For training and testing procedures, we followed the leave-one-out protocol. Hybrid (Jang 1993) provided the optimal method for defining the parameters of the input and output membership functions. After training, we calculated the average testing error between the trained FIS output and the testing data. Figure 16 shows an example that compares the outputs between the training data for participants 1, 2, 3, and 5 (red asteroids) with the testing data for participant 4 (blue dots) of Emotion set-A. The average testing error was 0.054581. The same procedure was followed for each participant. Table 8 lists the average testing errors of the neural fuzzy classifier. In order to evaluate both Mamdani-type FIS and Sugeno-type FIS, we tested the recognition rate of the 110 image sequences for each system.

Fig. 16

Example of comparison of testing data and FIS output

Table 8 Average testing error

Table 9 shows the recognition results of each method under different emotional sets. Clearly both performed well. In use, the choice between these two approaches will depend on practical considerations. The membership function boundaries for knowledge-based Mamdani-type FIS are manually labelled, assuming that the cases are uniformly distributed. However, there is a chance that these boundaries are not perfectly uniformly distributed for a particular target user group. Therefore, we further applied the Sugeno-type neural FIS which could automatically generate membership functions boundaries based on the training data sets. When the training data is insufficient, the disadvantage of a Sugeno-type fuzzy system is that the training data set might not fully represent the target group and thus leads to incorrect recognition. On the other hand, the Mamdani-type system is easy and intuitive, but less adaptive to changes. The neural fuzzy system can be improved by training with more input and output data, while the Mamdani-type system cannot. Thus, if more input and output data are collected from experiments in the future, the recognition rate of the neural fuzzy system can be improved.

Table 9 Recognition rate

6 Conclusion

The automatic recognition and analysis of human emotions is one of the most challenging tasks in the field of HCII, which has attracted much interest in the past two decades. However, despite the fact that humans have different ways of expressing emotions, most of the past research in machine analysis of human emotion has focused on the recognition of the prototypical six basic facial expressions.

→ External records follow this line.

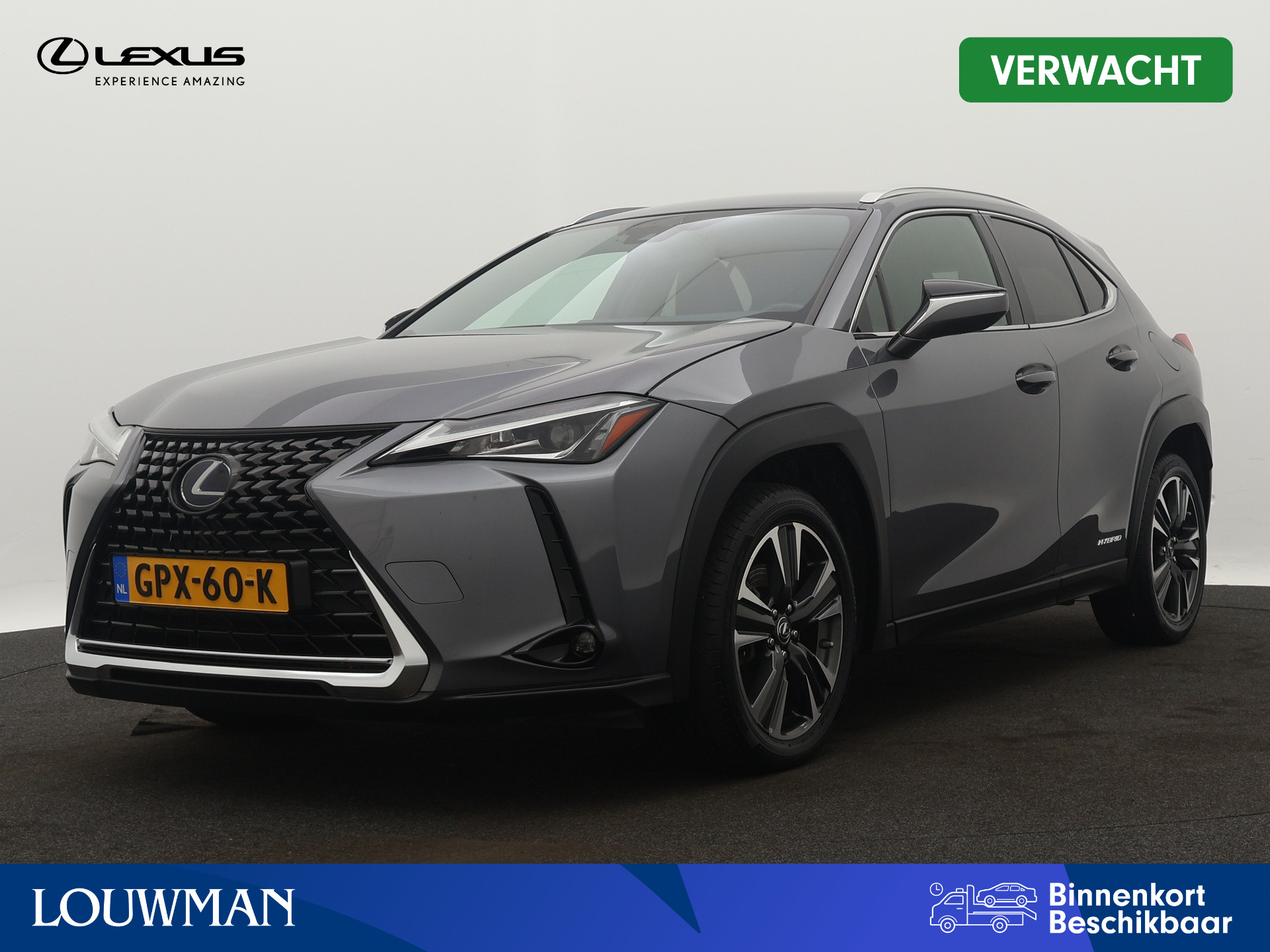 Lexus UX 250h AWD Business Line Limited | Navigatie | LM velgen | Camera |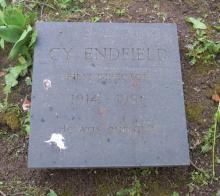 Cy Endfield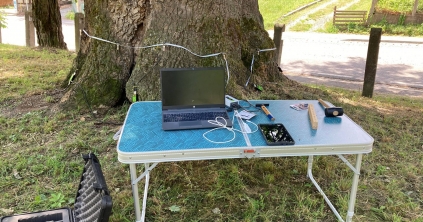 Majdnem háromszáz éves Székelyudvarhely legöregebb élő fája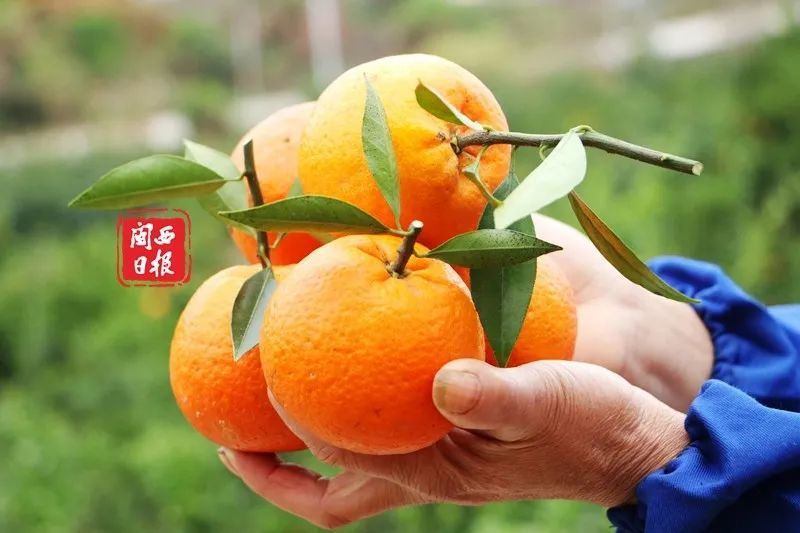 滞销蕉柑红了爱心接力的你们很赞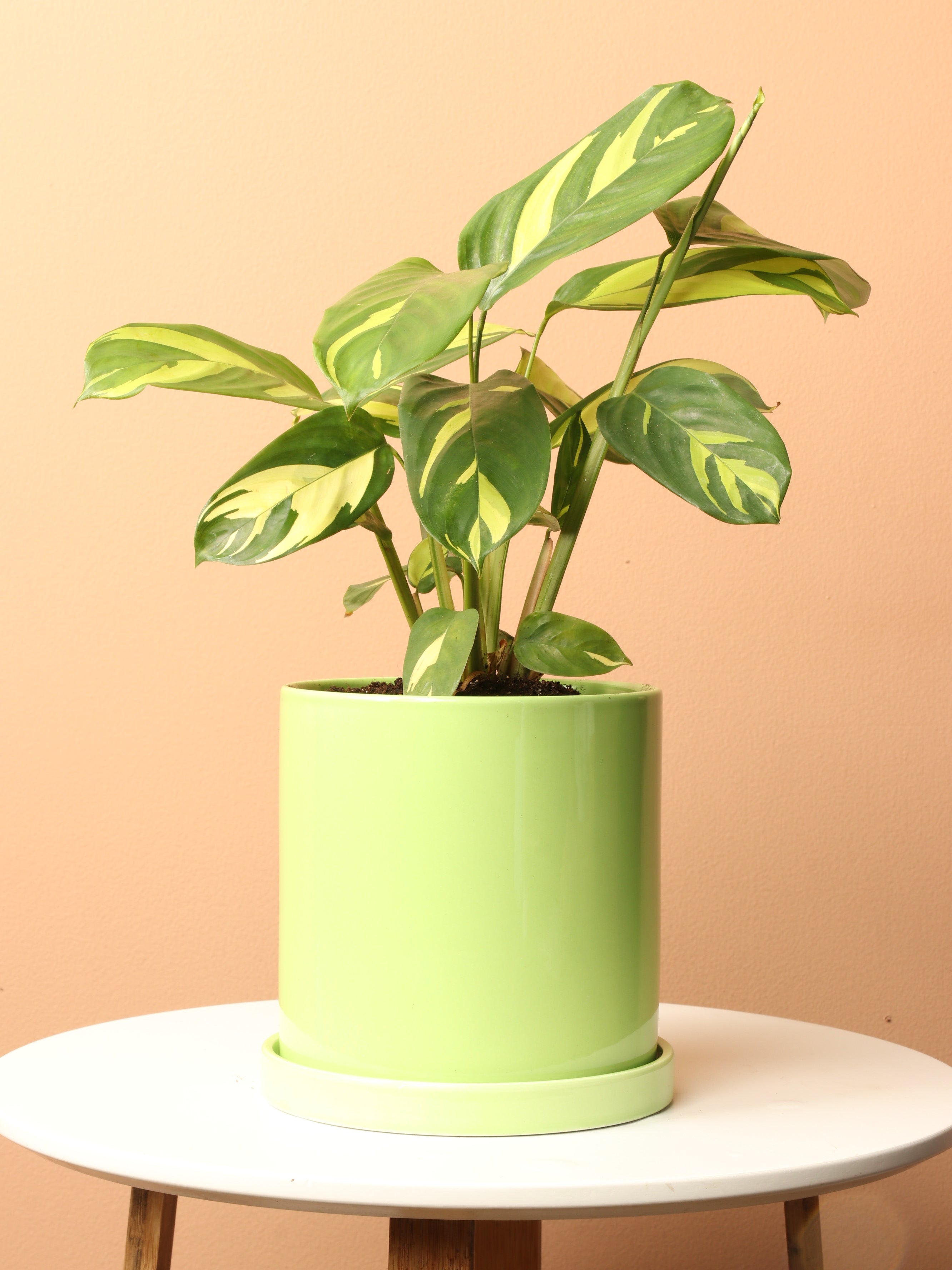 Medium Ctenanthe Lubbersiana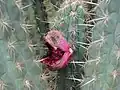 Fruit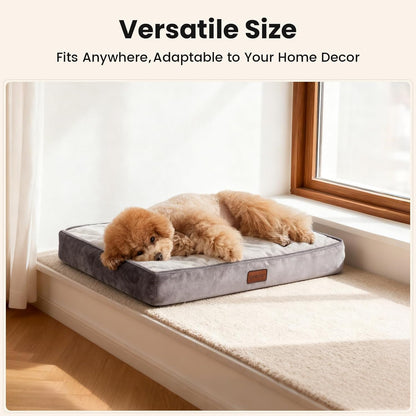 Orthopedic Waterproof Large Dog Bed, Memory Foam, 41 inch-XL(Gray)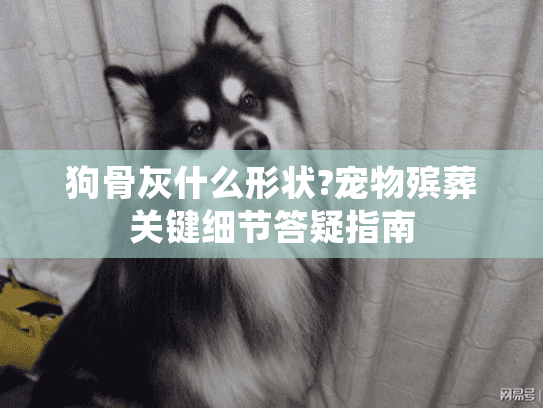 狗骨灰什么形状?宠物殡葬关键细节答疑指南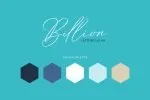 Billion Script + Webfont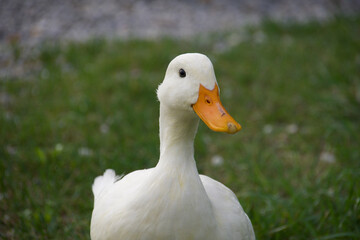 White domestic duck walking on green grass, closeup shot symbolizing farming, rural lifestyle, sustainability, and the connection between animals and natural environments.
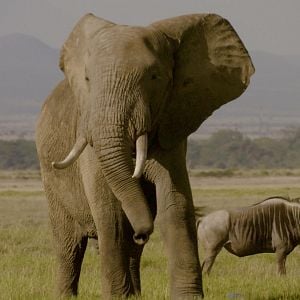 Fotoğraf The Ivory Game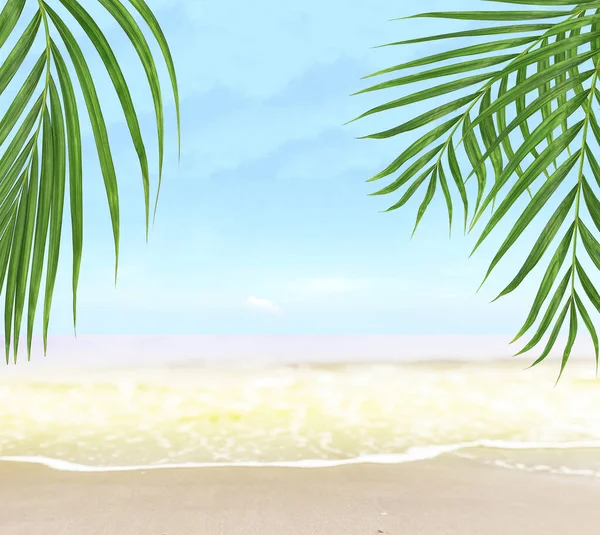 Palmeras de coco verde en la hierba en la playa soleada —  Fotos de Stock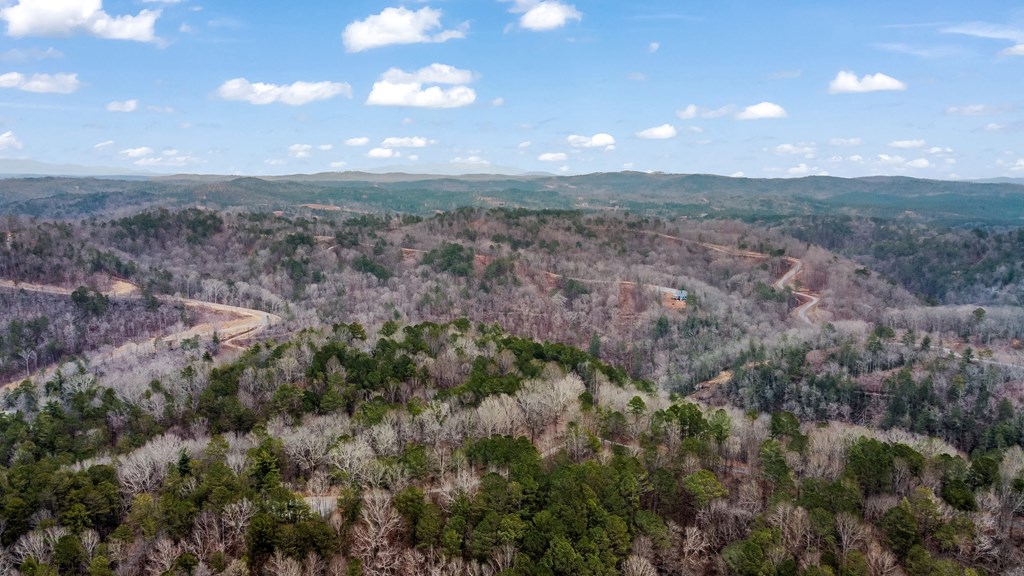 lot 1694 Shade Tree Drive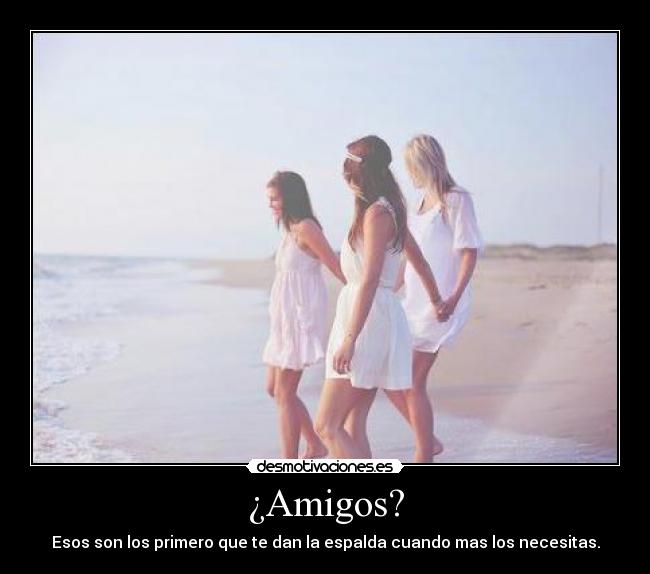 ¿Amigos? - 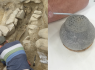 Unusual, 2,000 year old pot found at Alderney dig site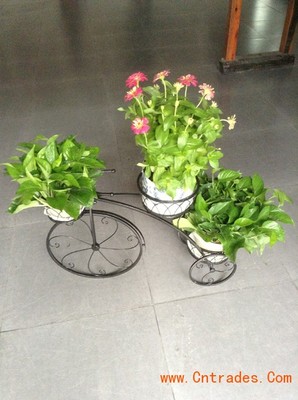 客家園藝 專業室內花木租擺，綠化植物租賃首選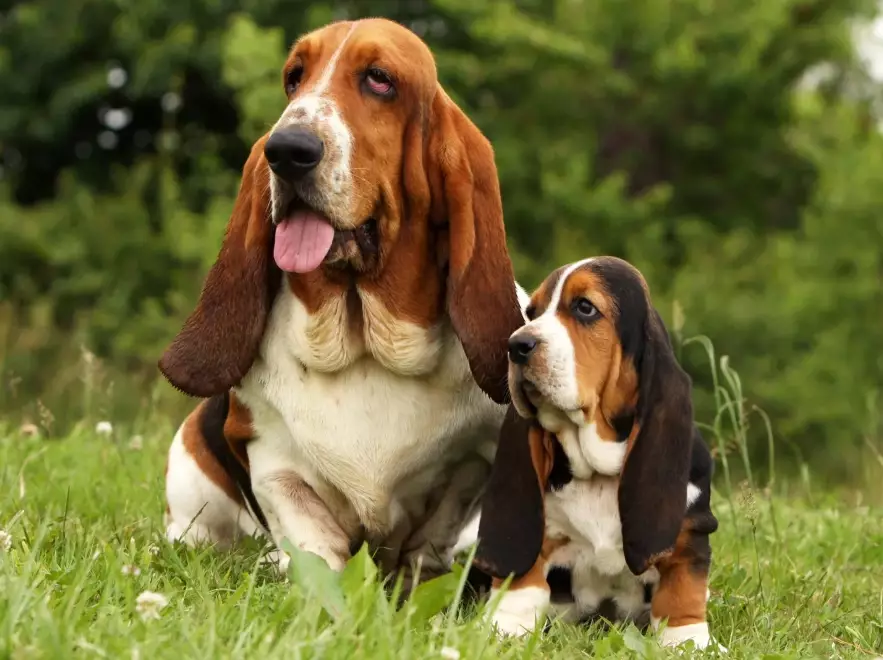 basset hound care guide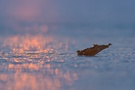 Blatt auf Eis bei Sonnenuntergang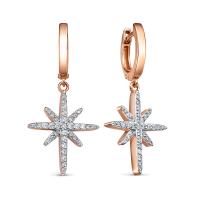 120579 Серьги (Au 585)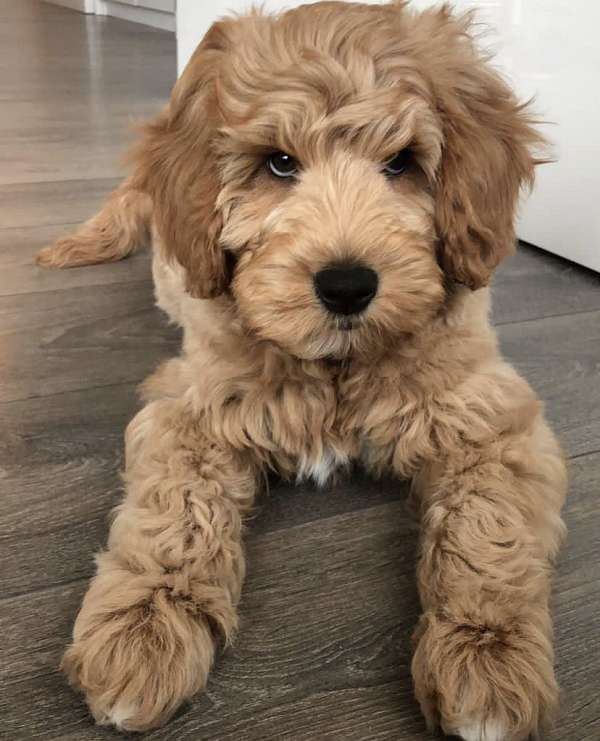 male-goldendoodle-dog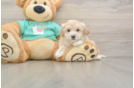 Best Maltipoo Baby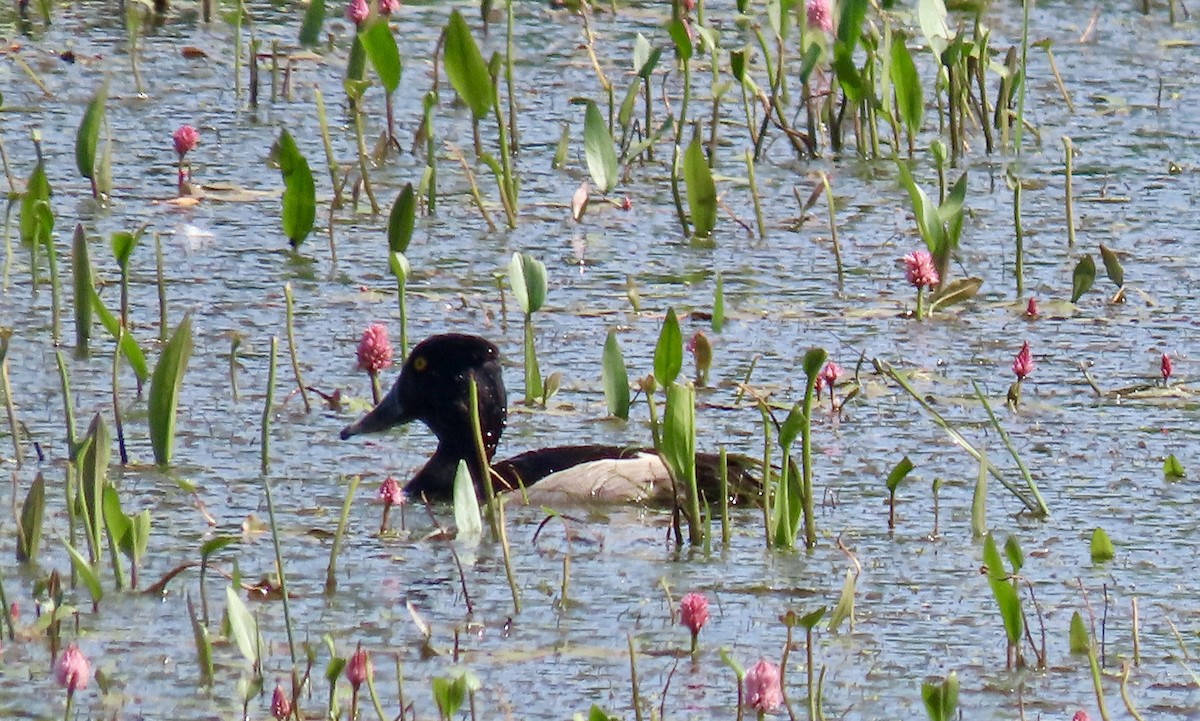 環頸潛鴨 - ML642604898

The originality of this paper is that it explored new ways of HCII to distinguish emotions and cognitions by integrating information from the body language of the head. In particular, we concentrated on integrating facial expressions, eye gaze direction and head movements. These three modalities were detected and mapped into emotional and cognitive states by applying fuzzy inference systems. We defined the fuzzy rules based on a questionnaire answered by non-expert participants. Although the creation of the fuzzy rules is culture-based, the idea of integrating the different modalities of the body language of the head is generic enough to be used by different target user groups in different cultures. Experimental results show that our method can be used to successfully recognize ten different emotions and cognitions. In the future, other modalities such as hand gestures and body postures will be combined with head information to detect a broader range of emotions and cognitions more precisely.